TO DO
Reading down the listing below, count the lines where the word "Image" shows up, then give only that count.

SOURCE MATERIAL
= = = = =

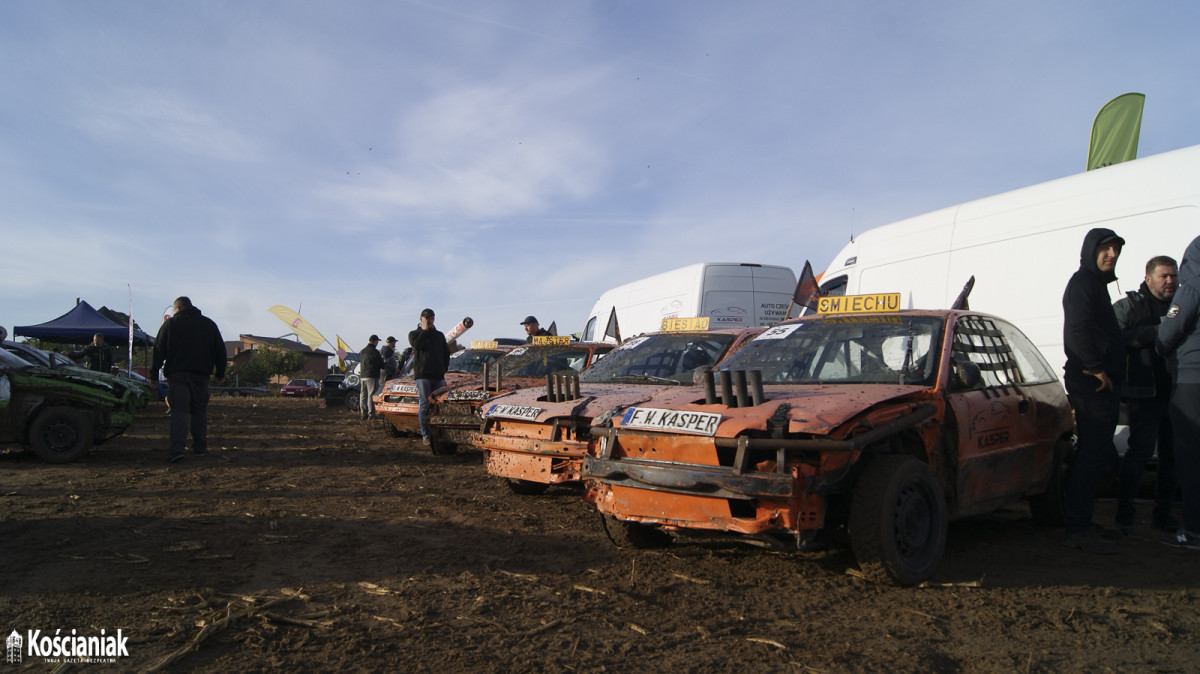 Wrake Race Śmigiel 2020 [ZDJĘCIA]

= = = = =

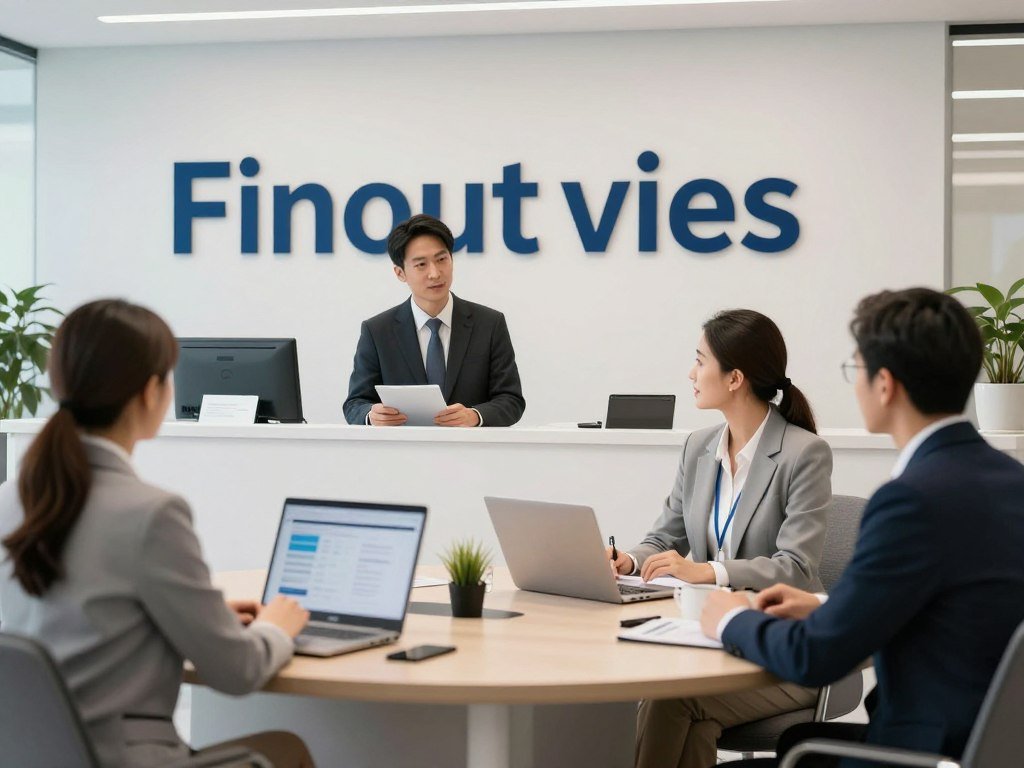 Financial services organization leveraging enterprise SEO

= = = = =

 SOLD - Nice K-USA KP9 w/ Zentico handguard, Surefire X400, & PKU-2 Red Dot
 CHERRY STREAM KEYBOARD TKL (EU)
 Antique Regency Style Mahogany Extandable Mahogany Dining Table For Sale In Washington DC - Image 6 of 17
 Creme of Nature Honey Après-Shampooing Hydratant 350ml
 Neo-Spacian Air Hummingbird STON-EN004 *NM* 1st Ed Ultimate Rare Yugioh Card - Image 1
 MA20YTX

= = = = =

RESULT
2